華麗な「皇帝」、青春の夢と痛み、儚さの「巨人」
今年のアイリスオーヤマ・クラシックスペシャルは、「王道か異端か」と題して、広上淳一が仙台フィルとベートーヴェンの「皇帝」とマーラーの「巨人」を披露した。

「皇帝」のソロは小川典子。第1楽章、堂々たるオーケストラの和音の中から煌めくばかりのピアノのパッセージが飛び出す。とにかく小川のソロは明るくブリリアント。広上の指揮は音楽の流れが自然で風格があり、まさに「王道」というにふさわしい。第2楽章で弦が奏でる主題の長いフレーズとレガートが見事。ピアノはほどよい緊張感を保ちつつ、磨き抜かれたタッチで変奏を紡いでいく。変ホ長調に転じたピアニシモから次楽章への移行が印象的。ソロはさらに輝きを増し、リズムの愉悦に満ちたオーケストラと一体となって力強く終楽章ロンドを駆け抜けた。ベートーヴェンのトランペットとホルンは読響の首席奏者たちが客演していたが、休憩後のマーラーで合点がいった。かつてケルンのオーケストラで活躍し、読響の金管を率いていた山岸博(仙台フィルの客演首席奏者)が一番ホルンを担当して金管セクションの要となっていたからだ。

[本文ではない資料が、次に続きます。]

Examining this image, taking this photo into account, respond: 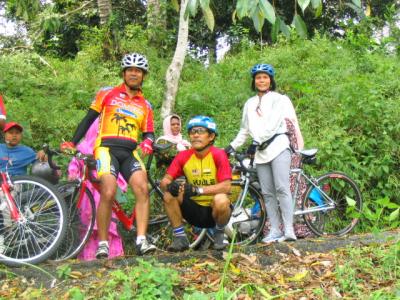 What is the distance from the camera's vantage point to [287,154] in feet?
17.2

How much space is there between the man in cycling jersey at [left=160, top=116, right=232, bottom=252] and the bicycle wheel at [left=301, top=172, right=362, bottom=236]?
4.92 ft

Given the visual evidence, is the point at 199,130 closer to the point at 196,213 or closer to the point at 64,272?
the point at 196,213

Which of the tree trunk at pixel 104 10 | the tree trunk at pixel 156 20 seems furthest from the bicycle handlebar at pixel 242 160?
the tree trunk at pixel 104 10

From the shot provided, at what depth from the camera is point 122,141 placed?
4.84 metres

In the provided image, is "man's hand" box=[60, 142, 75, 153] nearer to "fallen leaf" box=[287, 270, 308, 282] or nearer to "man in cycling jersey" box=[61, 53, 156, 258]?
"man in cycling jersey" box=[61, 53, 156, 258]

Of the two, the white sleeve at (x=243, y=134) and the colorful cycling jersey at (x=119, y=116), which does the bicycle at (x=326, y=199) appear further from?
the colorful cycling jersey at (x=119, y=116)

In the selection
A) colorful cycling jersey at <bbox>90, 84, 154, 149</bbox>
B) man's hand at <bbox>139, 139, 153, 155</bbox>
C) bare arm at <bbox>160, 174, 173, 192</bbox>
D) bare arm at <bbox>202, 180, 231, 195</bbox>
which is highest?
colorful cycling jersey at <bbox>90, 84, 154, 149</bbox>

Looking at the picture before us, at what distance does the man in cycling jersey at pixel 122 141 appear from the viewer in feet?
15.1

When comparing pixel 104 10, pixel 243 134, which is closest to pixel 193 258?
pixel 243 134

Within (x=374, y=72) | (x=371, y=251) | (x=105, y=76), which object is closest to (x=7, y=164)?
(x=371, y=251)

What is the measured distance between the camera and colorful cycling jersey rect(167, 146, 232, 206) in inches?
191

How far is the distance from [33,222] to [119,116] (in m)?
1.28

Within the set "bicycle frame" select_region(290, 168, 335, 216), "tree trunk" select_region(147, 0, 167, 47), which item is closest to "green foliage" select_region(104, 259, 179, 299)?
"bicycle frame" select_region(290, 168, 335, 216)

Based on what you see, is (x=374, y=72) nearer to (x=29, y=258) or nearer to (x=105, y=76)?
(x=105, y=76) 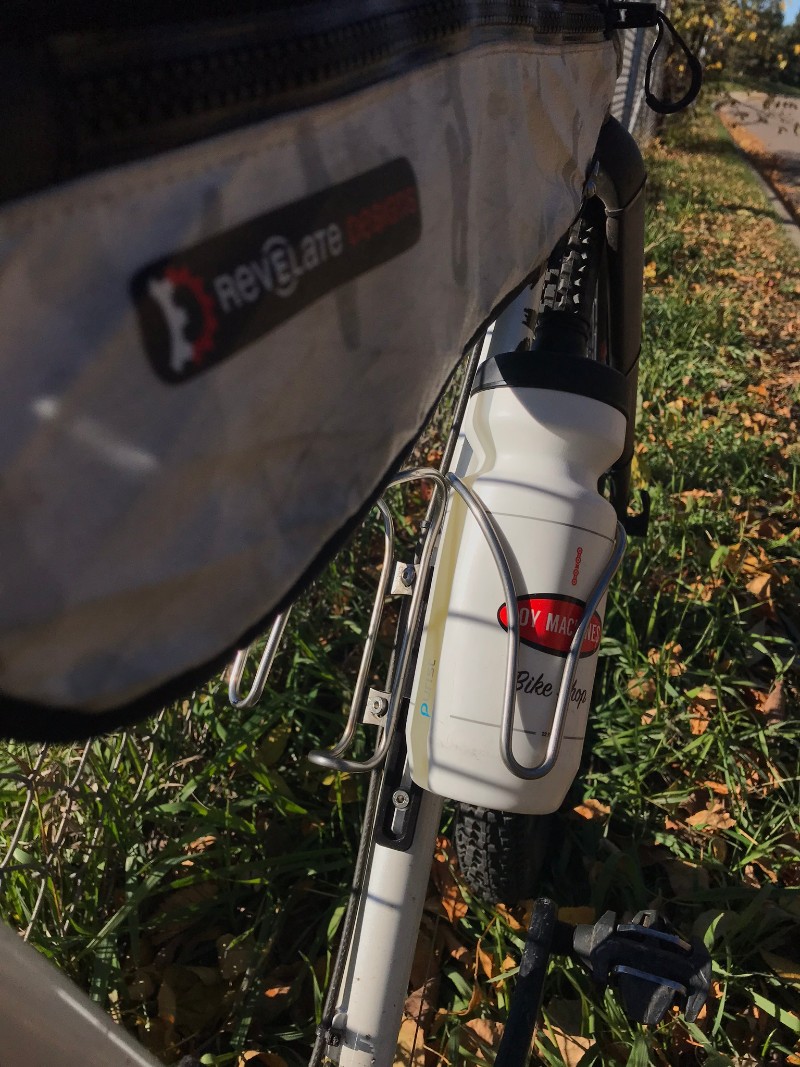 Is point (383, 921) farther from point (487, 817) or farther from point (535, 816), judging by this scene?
point (535, 816)

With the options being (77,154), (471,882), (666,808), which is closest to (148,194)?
(77,154)

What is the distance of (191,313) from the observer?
386 millimetres

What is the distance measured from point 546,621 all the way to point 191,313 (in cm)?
64

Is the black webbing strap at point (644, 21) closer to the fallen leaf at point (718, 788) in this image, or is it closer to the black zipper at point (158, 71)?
the black zipper at point (158, 71)

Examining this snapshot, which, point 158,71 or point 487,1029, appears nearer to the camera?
point 158,71

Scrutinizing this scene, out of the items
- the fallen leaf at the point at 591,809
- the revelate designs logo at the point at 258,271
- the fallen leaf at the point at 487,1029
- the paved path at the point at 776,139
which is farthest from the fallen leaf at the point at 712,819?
the paved path at the point at 776,139

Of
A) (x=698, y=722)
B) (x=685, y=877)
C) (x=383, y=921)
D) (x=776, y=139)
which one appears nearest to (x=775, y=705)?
(x=698, y=722)

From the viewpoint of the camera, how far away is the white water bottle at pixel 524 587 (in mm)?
926

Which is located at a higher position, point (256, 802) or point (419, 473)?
point (419, 473)

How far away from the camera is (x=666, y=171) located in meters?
8.97

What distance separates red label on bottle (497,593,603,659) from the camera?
923 mm

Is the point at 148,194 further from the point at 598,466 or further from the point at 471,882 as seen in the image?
the point at 471,882

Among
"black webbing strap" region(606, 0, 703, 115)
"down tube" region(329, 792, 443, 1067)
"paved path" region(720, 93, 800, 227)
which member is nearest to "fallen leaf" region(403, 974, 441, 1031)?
"down tube" region(329, 792, 443, 1067)

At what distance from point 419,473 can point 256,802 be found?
→ 0.94 metres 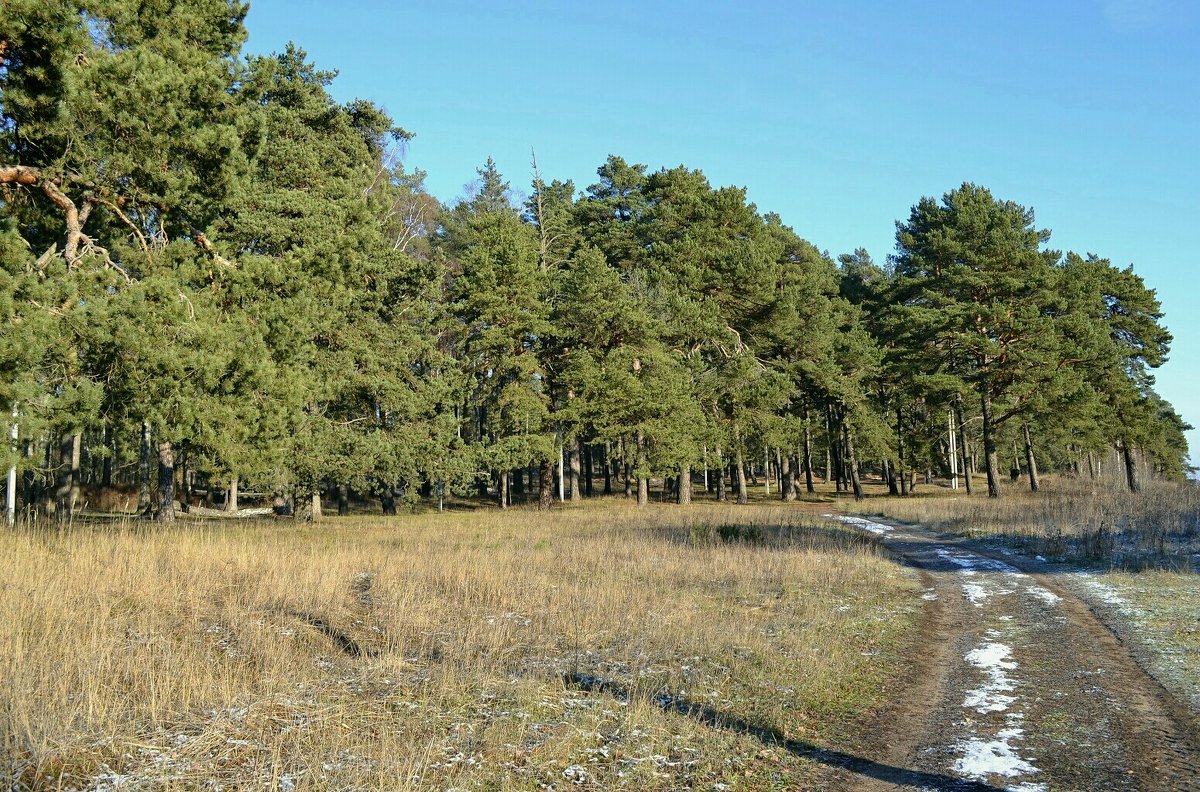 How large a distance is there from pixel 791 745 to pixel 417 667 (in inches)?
135

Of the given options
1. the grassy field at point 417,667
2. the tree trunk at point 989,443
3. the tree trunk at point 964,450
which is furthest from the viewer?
the tree trunk at point 964,450

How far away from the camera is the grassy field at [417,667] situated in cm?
499

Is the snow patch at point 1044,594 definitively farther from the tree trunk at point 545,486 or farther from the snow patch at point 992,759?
the tree trunk at point 545,486

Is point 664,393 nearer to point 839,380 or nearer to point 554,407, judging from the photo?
point 554,407

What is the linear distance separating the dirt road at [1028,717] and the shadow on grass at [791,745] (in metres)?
0.02

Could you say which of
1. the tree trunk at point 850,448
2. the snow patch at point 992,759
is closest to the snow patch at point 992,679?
the snow patch at point 992,759

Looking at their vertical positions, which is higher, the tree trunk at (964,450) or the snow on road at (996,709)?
the tree trunk at (964,450)

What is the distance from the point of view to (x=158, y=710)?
18.4 ft

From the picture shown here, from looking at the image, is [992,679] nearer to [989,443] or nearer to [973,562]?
[973,562]

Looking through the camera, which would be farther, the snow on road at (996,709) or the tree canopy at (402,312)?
the tree canopy at (402,312)

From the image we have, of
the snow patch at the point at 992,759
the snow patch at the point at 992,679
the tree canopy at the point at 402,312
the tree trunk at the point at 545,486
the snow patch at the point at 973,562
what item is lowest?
the snow patch at the point at 973,562

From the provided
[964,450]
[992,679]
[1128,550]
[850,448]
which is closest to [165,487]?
[992,679]

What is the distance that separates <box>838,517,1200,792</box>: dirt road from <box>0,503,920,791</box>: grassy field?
463 mm

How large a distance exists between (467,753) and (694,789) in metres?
1.46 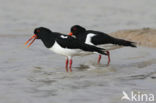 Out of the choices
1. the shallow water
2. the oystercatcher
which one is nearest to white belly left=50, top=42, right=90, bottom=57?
the oystercatcher

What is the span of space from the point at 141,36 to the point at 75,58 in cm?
245

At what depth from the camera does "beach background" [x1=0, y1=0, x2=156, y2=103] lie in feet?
26.1

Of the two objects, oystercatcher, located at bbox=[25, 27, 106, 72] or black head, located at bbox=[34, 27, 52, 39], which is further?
black head, located at bbox=[34, 27, 52, 39]

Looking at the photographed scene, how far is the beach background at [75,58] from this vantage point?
7969 millimetres

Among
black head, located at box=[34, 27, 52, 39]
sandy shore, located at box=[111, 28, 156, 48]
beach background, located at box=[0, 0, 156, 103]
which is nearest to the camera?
beach background, located at box=[0, 0, 156, 103]

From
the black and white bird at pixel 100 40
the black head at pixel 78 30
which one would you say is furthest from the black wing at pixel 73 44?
the black head at pixel 78 30

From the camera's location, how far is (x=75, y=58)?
1136 cm

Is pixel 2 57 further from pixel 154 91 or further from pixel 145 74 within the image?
pixel 154 91

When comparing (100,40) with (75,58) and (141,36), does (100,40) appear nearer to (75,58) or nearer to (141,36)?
(75,58)

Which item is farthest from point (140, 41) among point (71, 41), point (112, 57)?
point (71, 41)

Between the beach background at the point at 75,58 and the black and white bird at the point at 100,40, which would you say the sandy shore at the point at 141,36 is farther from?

弦を増強した「巨人」の第1楽章、導入部とファンファーレ、春を告げる木管のカッコウ、ホルンによる森の角笛を経て、「さすらう若人の歌」の〝朝の野辺を歩けば〟の旋律を奏でる弦の柔らかなサウンドとフレージング。金管の活躍が際立ち、静と動が明快で、展開部の終わりから再現部に至る鮮やかなクレッシェンドとクライマックスが凄まじい。第2楽章は比較的落ち着いたテンポでよく整理され、空間の広がりを感じさせる。弦はもっとサウンドに厚みがあって良いと思えるものの、トリオ部の透き通るような弱音の、とりわけ艶やかで蠱惑(こわく)的な節回しが魅力だ。第3楽章はカノン風葬送行進曲に続く、民族音楽調の主題の艶と馬鹿騒ぎの賑やかさが、その後の弦の奏でる主題(「彼女の青い目が」)の哀感を引き立て、第3部の管楽器の不協和な響きが暗い影を落とす。そして終楽章冒頭の激しさはあたかもホールの空気が歪むほどだ。ここでも弦のリリカルな第2主題が美しく、青春の夢と痛み、儚さを感動的に表現。その後も展開部から冒頭楽章の回想、圧巻のコーダに至るまでとても聴かせる。聴衆の喝采に応えて広上がスピーチ。父の転勤で数年間住んだ仙台と、恩師外山雄三が育てた〝歌う心を持った〟仙台フィルへの想いを語って奏でられた「ニムロッド」もまた、情熱的な〝歌〟を迸(ほとばし)らせた忘れえぬ演奏となった。
(那須田務)

公演データ
アイリスオーヤマ・クラシックスペシャル2025
広上淳一指揮 仙台フィルハーモニー管弦楽団
5月21日(水)19:00サントリーホール 大ホール
指揮:広上淳一
ピアノ:小川典子
管弦楽:仙台フィルハーモニー管弦楽団
コンサートマスター:西本幸弘
プログラム
ベートーヴェン:ピアノ協奏曲第5番 変ホ長調 Op.73「皇帝」
マーラー:交響曲第1番 ニ長調「巨人」
オーケストラ・アンコール
エルガー:変奏曲「エニグマ」Op.36より第9変奏 〝ニムロッド〟

なすだ・つとむ
音楽評論家。ドイツ・ケルン大学修士(M.A.)。89年から執筆活動を始める。現在『音楽の友』の演奏会批評を担当。ジャンルは古楽を始めとしてクラシック全般。近著に「古楽夜話」(音楽之友社)、「教会暦で楽しむバッハの教会カンタータ」(春秋社)等。ミュージック・ペンクラブ・ジャパン理事。